Weekend Recipe: My Favorite Granola

I’ve been working on perfecting granola for a while now. It’s harder than you might think to make sure it doesn’t burn but also doesn’t end up soggy. After several rounds of experimentation, here is my answer to homemade granola happiness. Olive oil is a fun variation and I’m obsessed with everything cardamom, so naturally that had to be included. You should feel free to mess around with the spices to create your ideal flavor combination. Make it on the weekends and eat it all week!!

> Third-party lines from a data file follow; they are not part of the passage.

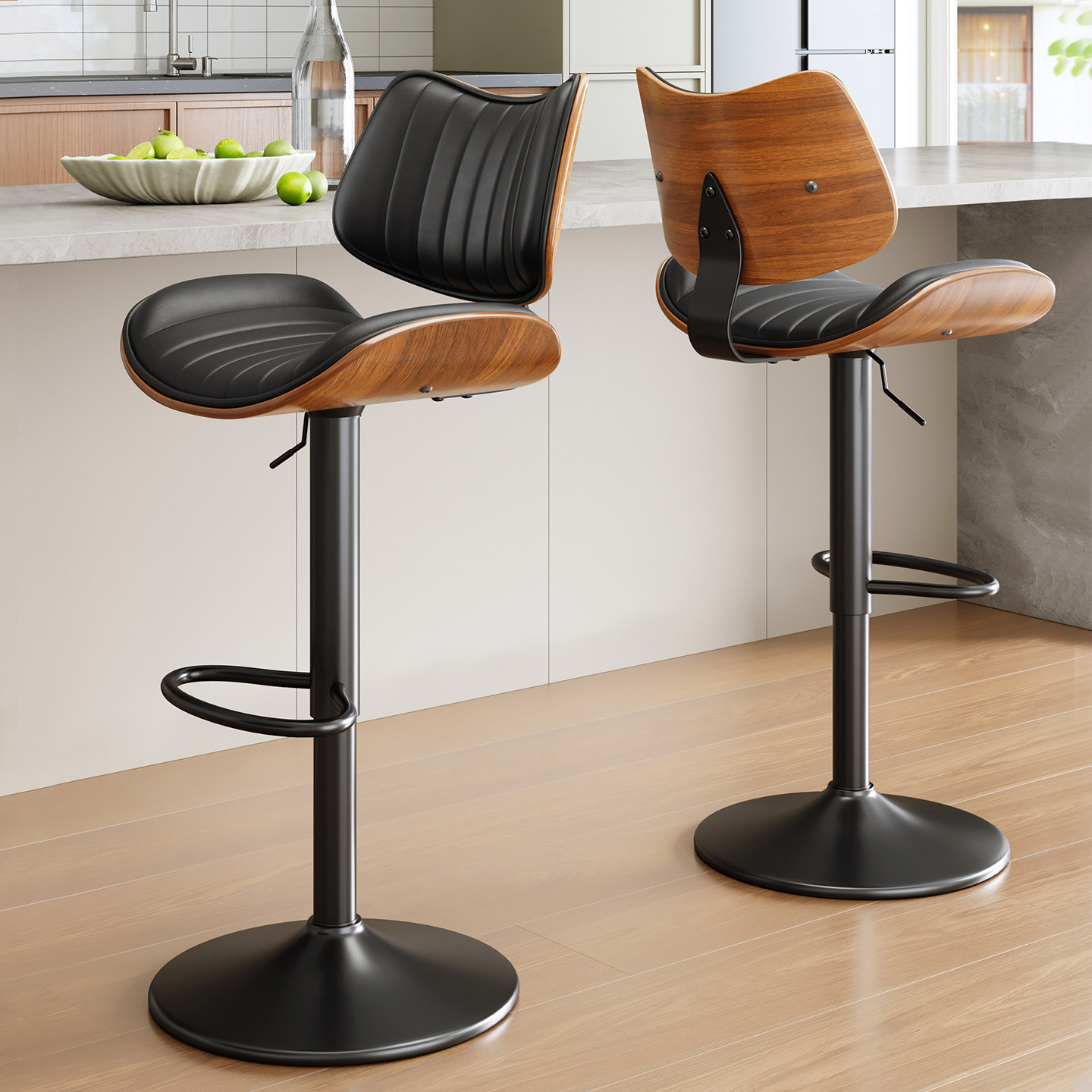 OKDO实木吧台椅家用岛台轻奢高脚凳子酒吧收银台升降旋转靠背椅子,淘宝优惠券,粉丝福利购,淘宝优惠卷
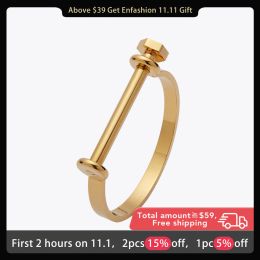 Bangles Enfashion Shackle U Cuff Bracelet Noeud armband Gold Colour Screw Bangle Bracelet For Women Bracelets Manchette Bangles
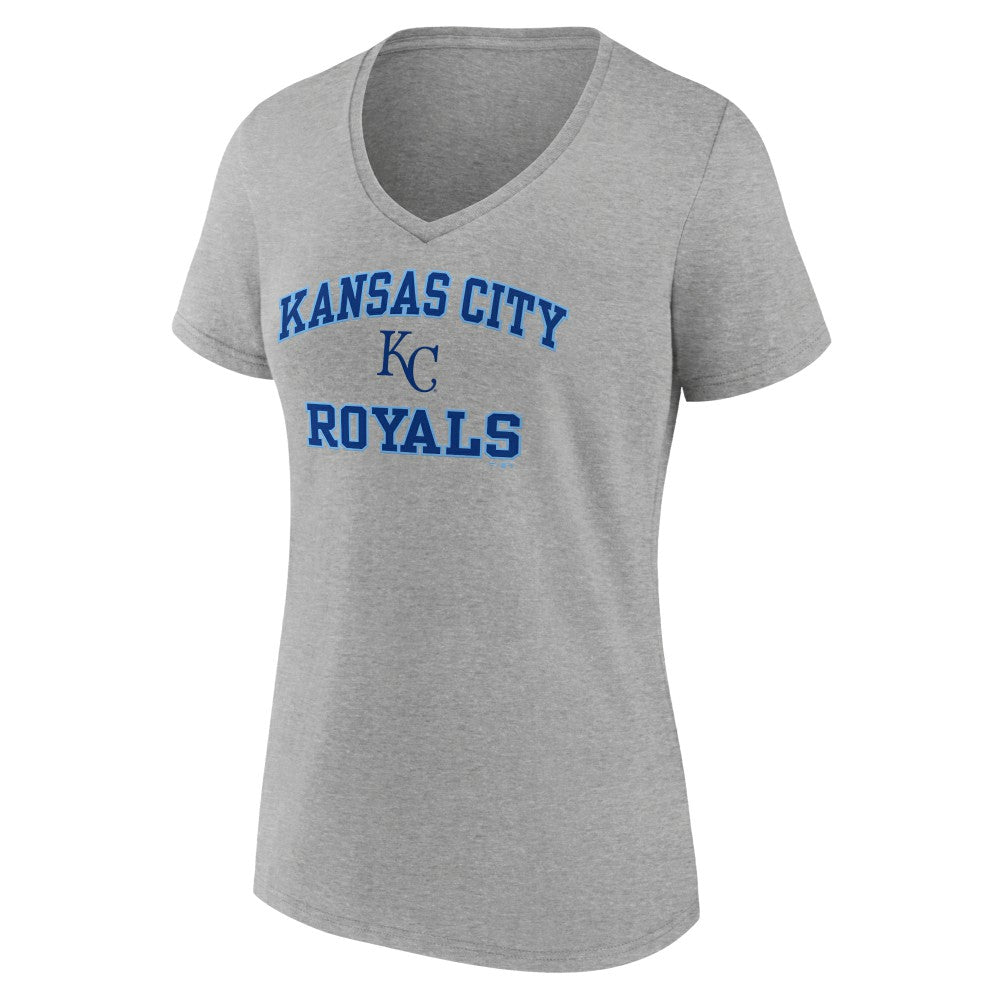 Kansas City Royals Women's Heart and Soul V-Neck T-Shirt - Gray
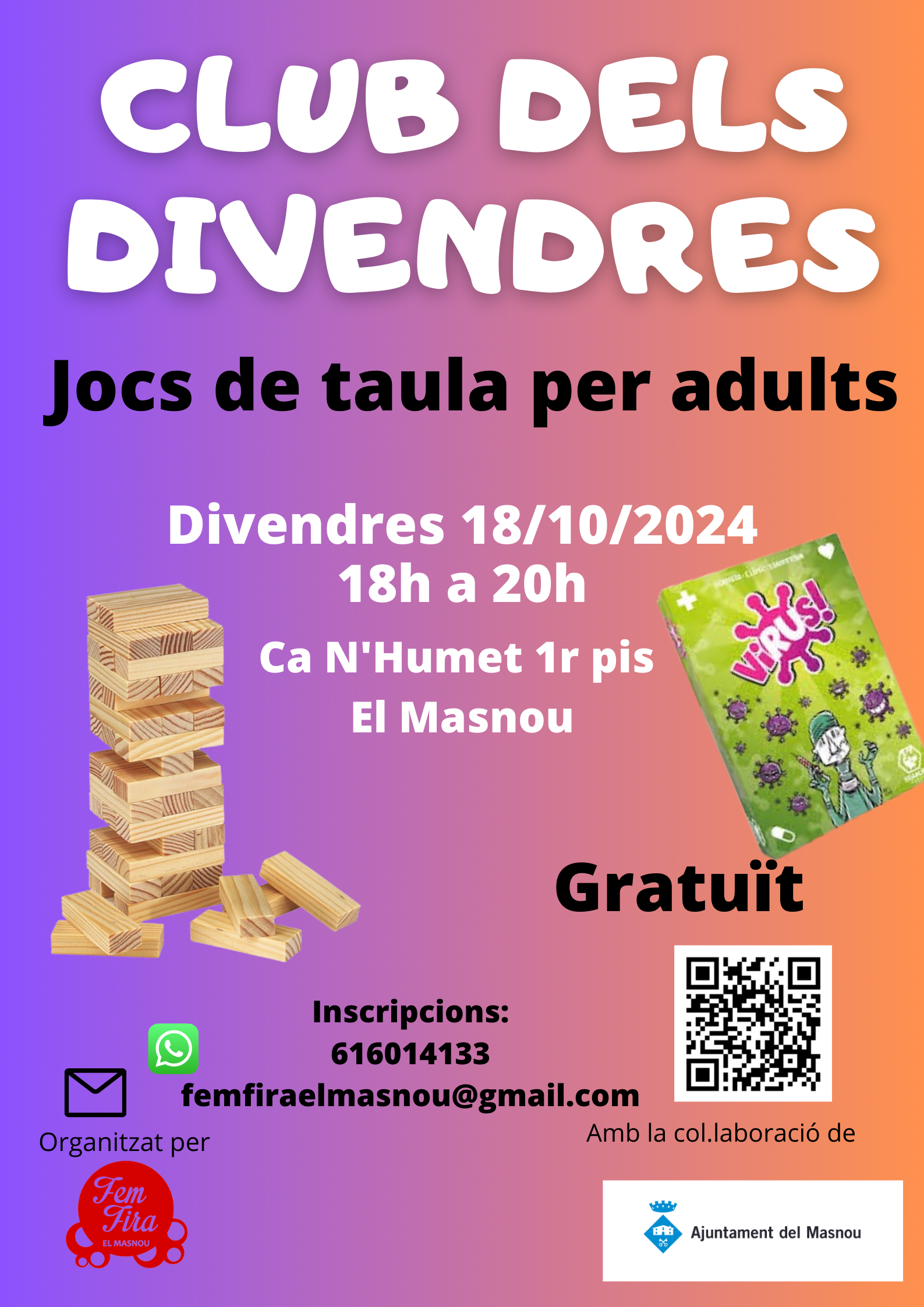 'CLUB DELS DIVENDRES. Jocs de taula per a persones adultes'
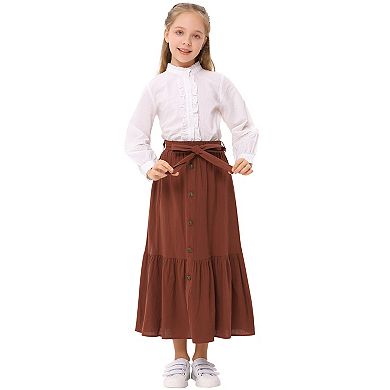Girls Button Front High Waisted Long Skirt with Belt Ruffled Skirts with Pocket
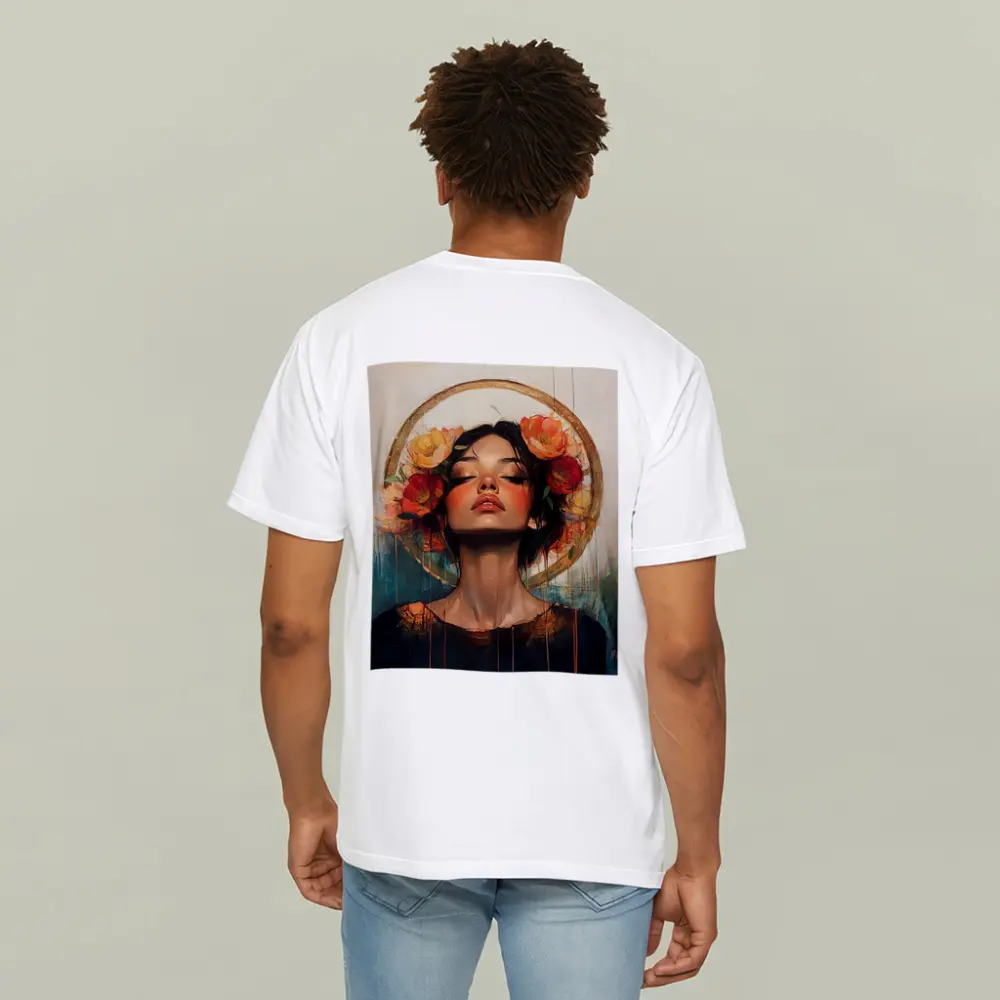 Woman Floral Crown Gold Halo Oil Painting – T-Shirts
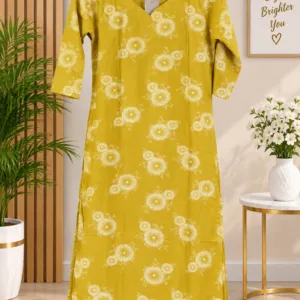 Mustard Yellow Floral Printed Kurti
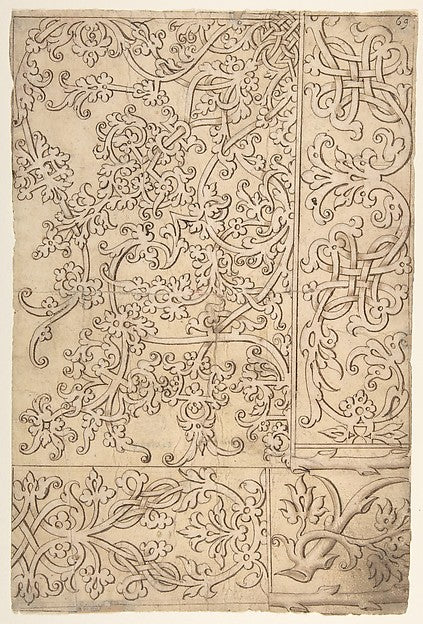 Design for Panels Decorated with Moresque and Knotwork Orname,16x12"(A3)Poster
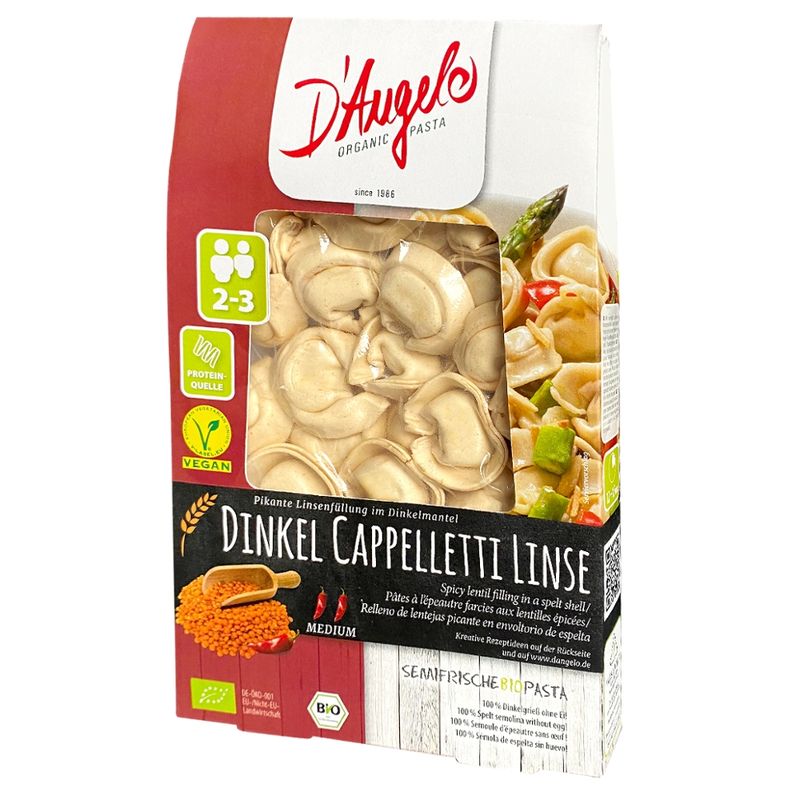 D´Angelo Dinkel Cappelletti Linse, Teigware mit Pikanter Linsenfüllung im Dinkelmantel - Produktbild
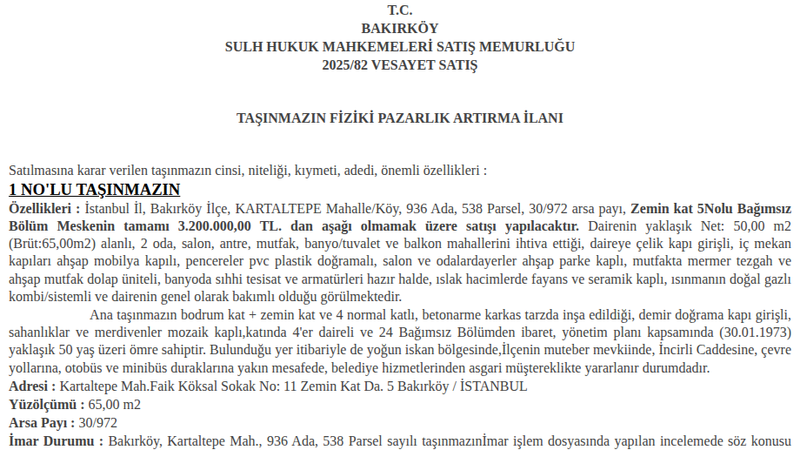 Satılık Konut - İstanbul Bakırköy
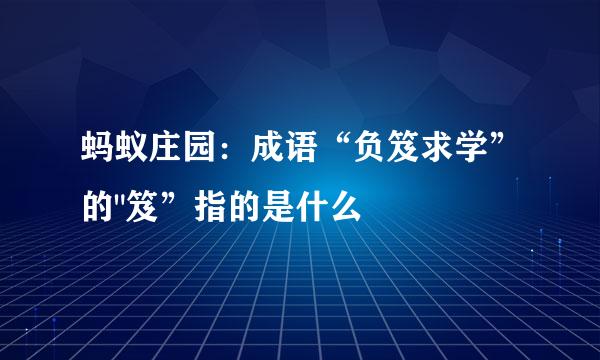 蚂蚁庄园：成语“负笈求学”的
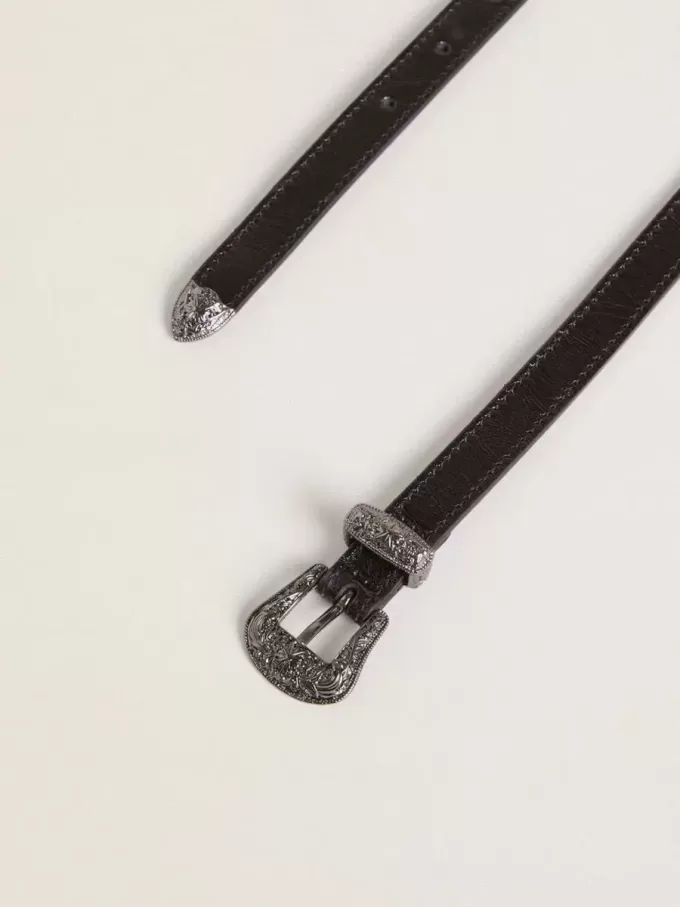 Zwarte leren riem met zilveren gesp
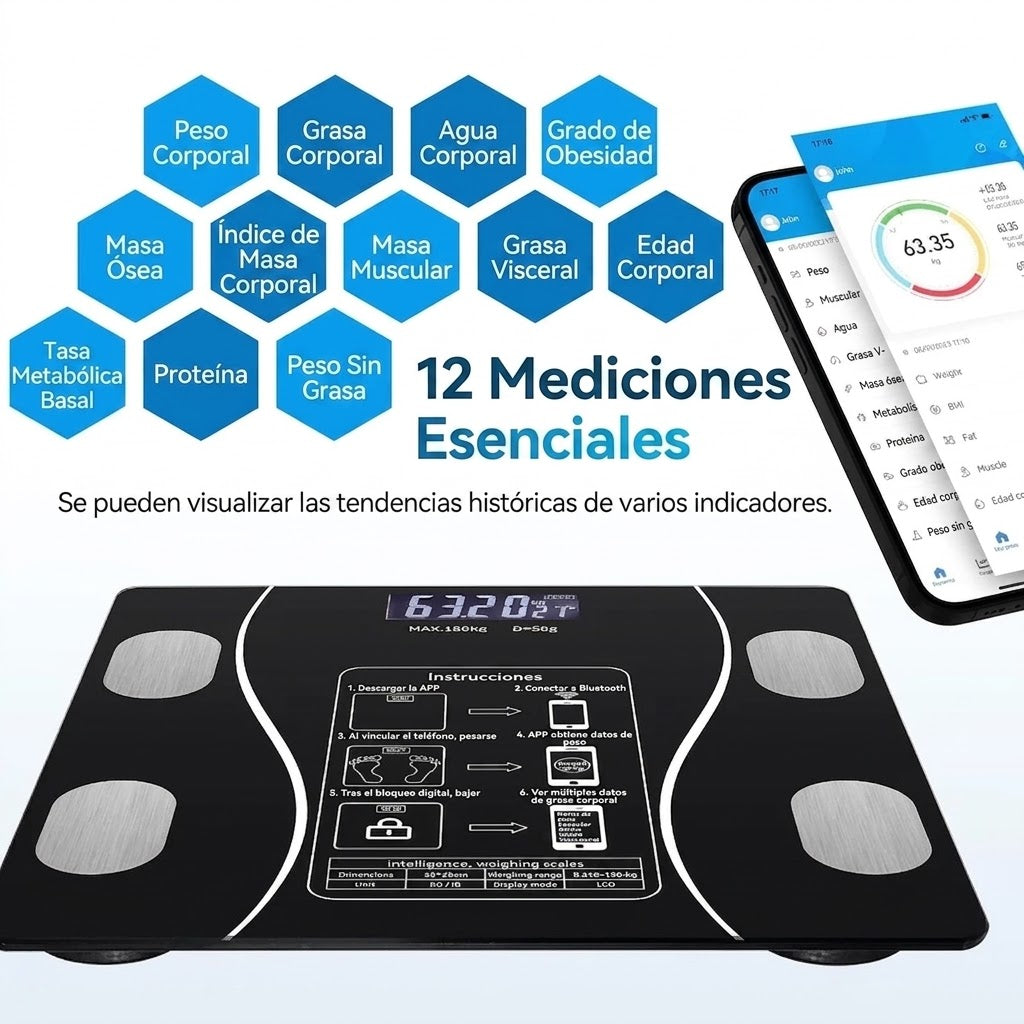 Balanza Báscula de Peso Corporal hasta 180 kg - Negro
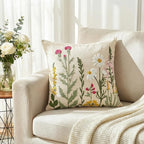 AVOIN colorlife Spring Summer Floral Daisy Embroidered Throw Pillow Covers, 18 x 18 Inch Colorful Flowers Decorative Tufted Patterned Linen Cushion Case for Sofa Couch Set of 2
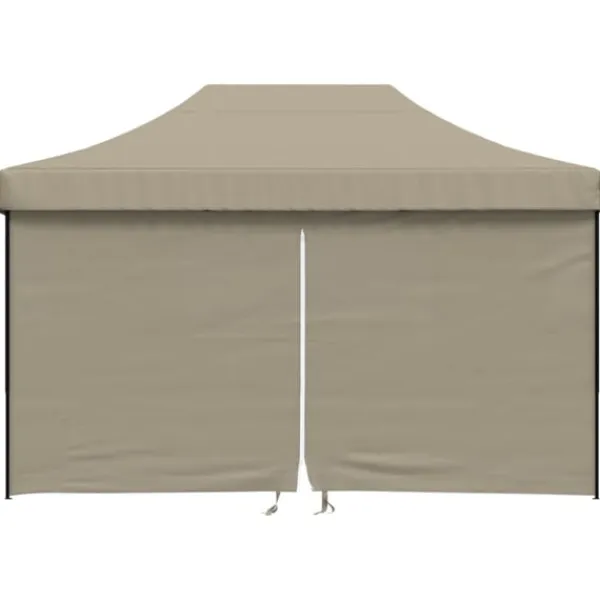 vidaXL Pop-Up hopfällbart partytält med 4 sidoväggar taupe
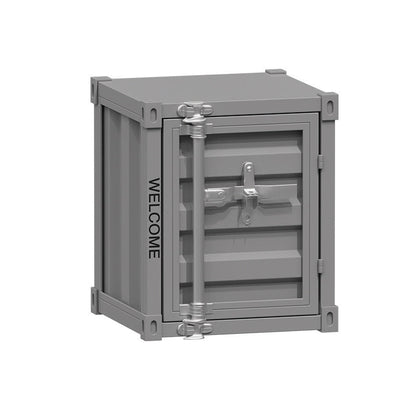 Contemporary Industrial Iron Cuboid Container End Table 2-Tier Storage For Bedroom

Cinnamon Cardamom Granola with Olive Oil and Maple Syrup


6 cups old fashioned rolled oats

1/2 cup golden raisins

1/2 cup thompson raisins

6 large dried mission figs, sliced

1 cup chopped raw walnuts

1/2 cup chopped raw almonds

2 Tbs. brown sugar

2 1/2 tsp. cinnamon

1/2 tsp. cardamom

1/4 tsp. ground cloves

1/2 tsp. sea salt

1/2 cup maple syrup

2 Tbs. honey

3 Tbs. extra virgin olive oil

1 1/2 Tbs. unsalted butter

1/4 cup water


Preheat oven to 325. Combine all dry ingredients (through salt) in a large bowl. In a small saucepan, melt butter and olive oil over medium heat. Stir in honey, maple syrup and water and stir until combined. Remove from heat. Pour over dry mixture and mix well with your hands, making sure that oats are lightly coated in moisture. Line two cookie sheets (make sure they have edges) with tin foil and spray with a thin layer of oil olive cooking spray. Divide granola mixture evenly between the two sheets and spread into a thin layer with a wooden spoon or spatula. Place side by side in oven. Now, here’s the key to not burning your granola: stir often! I stir mine every 5-8 minutes to be safe. Just give it a quick stir with a wooden spoon. Let it cook for about 25 minutes, making sure you’re standing by to stir regularly. Then, just after the raisins have puffed up and start to turn a little brown, turn off the oven, crack the oven door and leave the granola in the cooling oven for 10 minutes. Et voilà! Your dried fruit isn’t burnt and your oats are crispy but won’t break your teeth!

Store in airtight jars or in a big ziploc bag and enjoy with yogurt or milk or on top of ice cream or even as a topping for crumbles or pies.